Cells in a given population exhibit heterogeneous (mixed) gene expression patterns, suggesting that no single cells are equal. Expression profiling of individual cells is therefore essential for the understanding of gene regulation and can detect aberrant cell types in a seemingly healthy population.
We established a Single Cell Transcriptome Anaysis Pipeline, which multiple laborious steps into one simple workflow – further incorporating single cell experiments and expression data with a centralized database for easy deposition and dissemination of single cell expression data.
The pipeline relies on the microfluidics Fluidigm C1™ system to capture single cells, followed by General Electrics’ (GE) InCell6000 imaging system for quantification of cellular features (e.g. GFP expression levels). Once the cells are captured, the pipeline executes either SMARTer® RNA-seq protocol or C1-CAGE, a RNA expression profiling method developed by us.
Sequencing data analysis is key for Next Generation Sequencing (NGS) analysis in general. Therefore we developed data analysis platform especially for CAGE analysis, which consists of simple three system; data integration, sequence data visualization (called ZENBU), and sequencer data processing workflow (called MOIRAI).
For the data integration, the data need to be integrated from wide variety of different type of data, which includes cell image source code (git hub) and sequencing data.

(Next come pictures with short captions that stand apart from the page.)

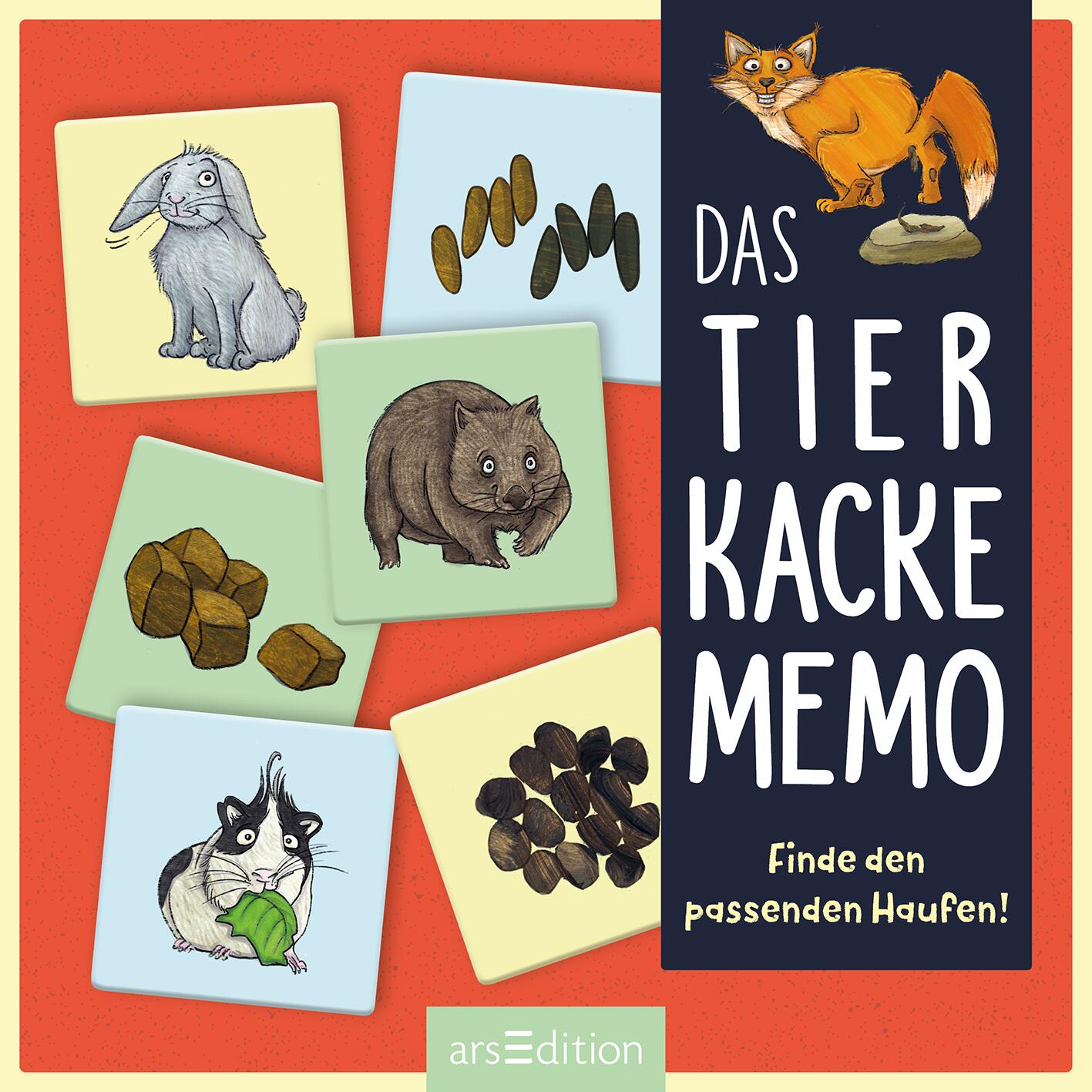 Das Tier-Kacke-Memo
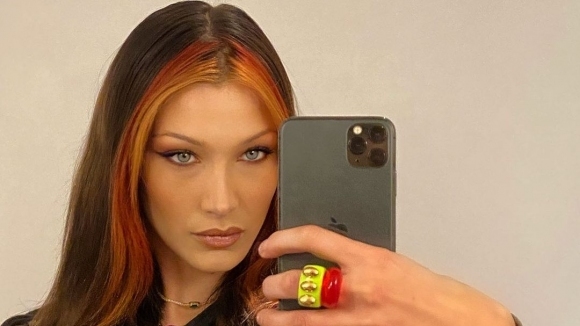 Супермоделът Белла Хадид която наскоро беше спрягана за тръпка на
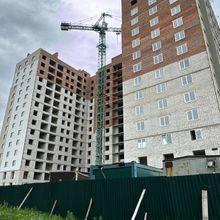 Ход строительства ЖК Continent, 7 дом, июль 2025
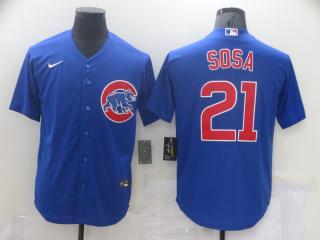 CUBS Sosa MLB Blue Jersey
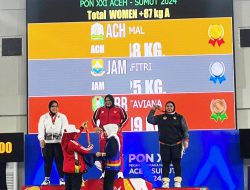 Rizka Oktaviana Atlet PABSI Mempawah Tambah Perolehan Medali untuk Kalbar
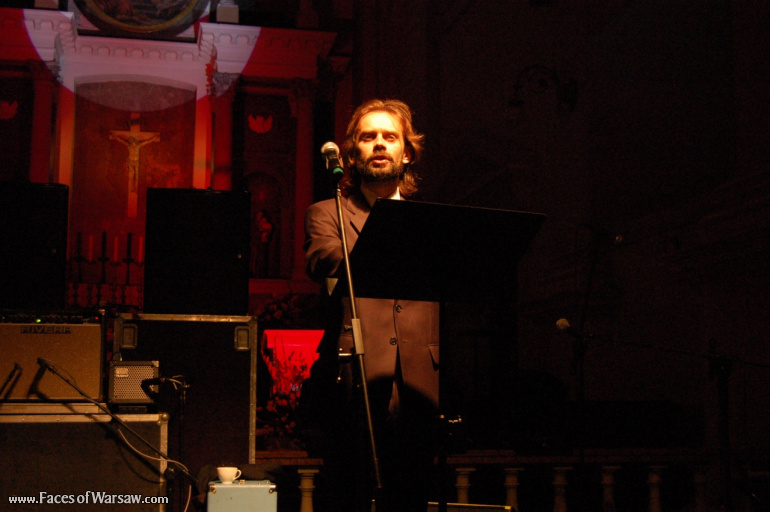 Faces of Warsaw - "Singer's Warsaw" Festival 2009: "East meets East" - concert by Nigel Kennedy and Kroke
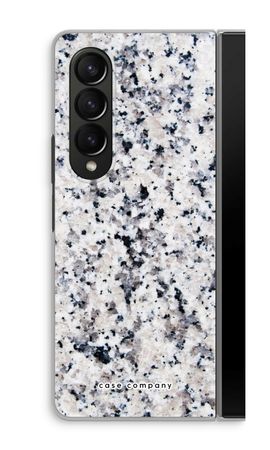 Speckled marble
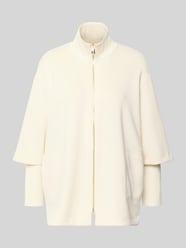 Blazer van viscosemix met opgestikte steekzakken van COMMA - 5
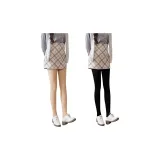 [2 упаковки, 280 г] Черный + Кожа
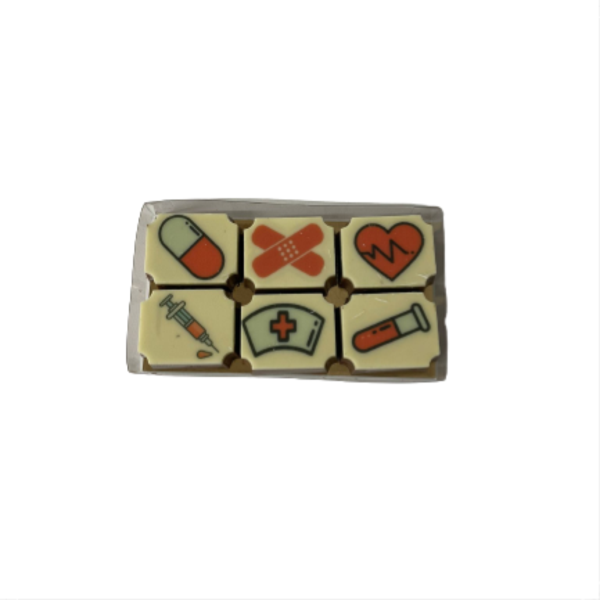 Logo Bonbons Zorg per 6 verpakt, per 2 doosjes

In ZENBU, we developed a genome browser in order to visualize sequencing data. The information contains gene names, transcript models etc. coupled with expression levels in a single cell. Also it visualizes the sequence reads as the red bars.
MOIRAI has a graphical interface allowing wet-lab researchers to create, modify and run analysis workflows. Embedded within the workflows are graphical quality control indicators allowing users assess data quality and to quickly spot potential problems.